RNN的输入分为当前的input 以及上一次时序的 state，也就是下面这行代码。

output, state = cell(inp, state)

训练时和测试时的区别在于inp的不同

train 阶段: inp来自 decoder_inputs

predict 阶段: inp = loop_function(prev, i)

以翻译任务为例，在训练阶段有 decode_inputs 来“指导”网络来学习。而在测试时，只能依靠前一时序的cell的输出作为上下文。

embedding_attention_seq2seq

引入Attention机制的Seq2Seq就显得复杂多了。先来看一张图，

在encode过程中一系列的输出，作为decode的输入。以翻译任务为例，译文的某个单词，只与原文的某几个词相关，而不是整个句子，例如译文的第一个单词，可以由原文的前几个词的信息就能得到。也就是译文的每个单词的信息来自于原文的部分词语，也就是原文的每个词受到的”注意力”(权重)是不一样的。

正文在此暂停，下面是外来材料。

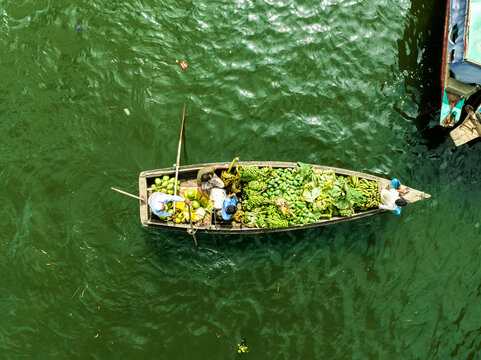 Rangamati Hill District, Bangladesh - 30 September 2023: Aerial view of a wooden boat loaded with fresh produce and fruits on the green waters of Kaptai Lake with local farmers navigating.
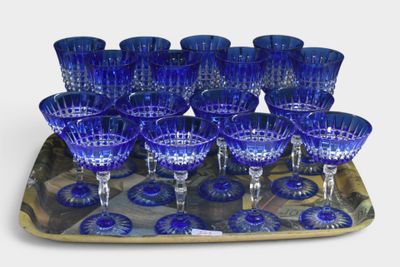 a tray with a tray of blue wine glasses on it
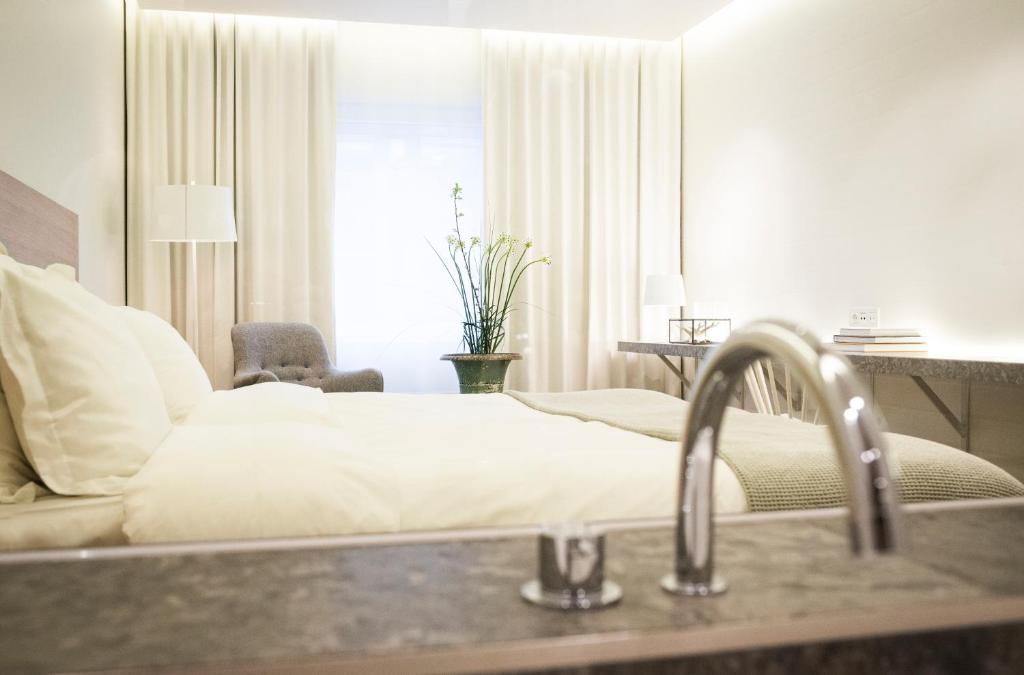 Postel nebo postele na pokoji v ubytování PM & Vänner Hotel
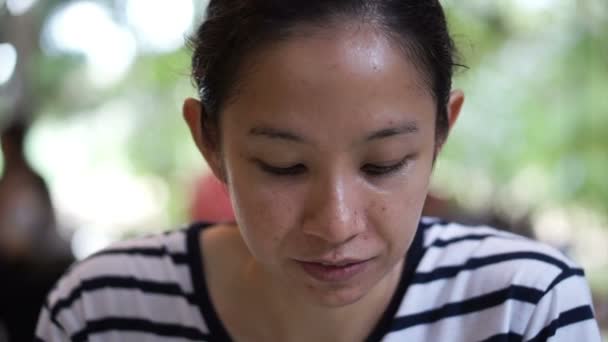 Азиатская девушка смешанной расы смотрит в камеру с улыбкой на лице — стоковое видео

def embedding_attention_seq2seq(encoder_inputs,
                                decoder_inputs,
                                cell,
                                num_encoder_symbols,
                                num_decoder_symbols,
                                embedding_size,
                                num_heads=1,
                                output_projection=None,
                                feed_previous=False,
                                dtype=None,
                                scope=None,
                                initial_state_attention=False):
  """Embedding sequence-to-sequence model with attention.
  This model first embeds encoder_inputs by a newly created embedding (of shape
  [num_encoder_symbols x input_size]). Then it runs an RNN to encode
  embedded encoder_inputs into a state vector. It keeps the outputs of this
  RNN at every step to use for attention later. Next, it embeds decoder_inputs
  by another newly created embedding (of shape [num_decoder_symbols x
  input_size]). Then it runs attention decoder, initialized with the last
  encoder state, on embedded decoder_inputs and attending to encoder outputs.
  Warning: when output_projection is None, the size of the attention vectors
  and variables will be made proportional to num_decoder_symbols, can be large.
  Args:
    encoder_inputs: A list of 1D int32 Tensors of shape [batch_size].
    decoder_inputs: A list of 1D int32 Tensors of shape [batch_size].
    cell: tf.nn.rnn_cell.RNNCell defining the cell function and size.
    num_encoder_symbols: Integer; number of symbols on the encoder side.
    num_decoder_symbols: Integer; number of symbols on the decoder side.
    embedding_size: Integer, the length of the embedding vector for each symbol.
    num_heads: Number of attention heads that read from attention_states.
    output_projection: None or a pair (W, B) of output projection weights and
      biases; W has shape [output_size x num_decoder_symbols] and B has
      shape [num_decoder_symbols]; if provided and feed_previous=True, each
      fed previous output will first be multiplied by W and added B.
    feed_previous: Boolean or scalar Boolean Tensor; if True, only the first
      of decoder_inputs will be used (the "GO" symbol), and all other decoder
      inputs will be taken from previous outputs (as in embedding_rnn_decoder).
      If False, decoder_inputs are used as given (the standard decoder case).
    dtype: The dtype of the initial RNN state (default: tf.float32).
    scope: VariableScope for the created subgraph; defaults to
      "embedding_attention_seq2seq".
    initial_state_attention: If False (default), initial attentions are zero.
      If True, initialize the attentions from the initial state and attention
      states.
  Returns:
    A tuple of the form (outputs, state), where:
      outputs: A list of the same length as decoder_inputs of 2D Tensors with
        shape [batch_size x num_decoder_symbols] containing the generated
        outputs.
      state: The state of each decoder cell at the final time-step.
        It is a 2D Tensor of shape [batch_size x cell.state_size].
  """
  with variable_scope.variable_scope(
      scope or "embedding_attention_seq2seq", dtype=dtype) as scope:
    dtype = scope.dtype
    # Encoder.
    encoder_cell = copy.deepcopy(cell)
    encoder_cell = core_rnn_cell.EmbeddingWrapper(
        encoder_cell,
        embedding_classes=num_encoder_symbols,
        embedding_size=embedding_size)
    encoder_outputs, encoder_state = rnn.static_rnn(
        encoder_cell, encoder_inputs, dtype=dtype)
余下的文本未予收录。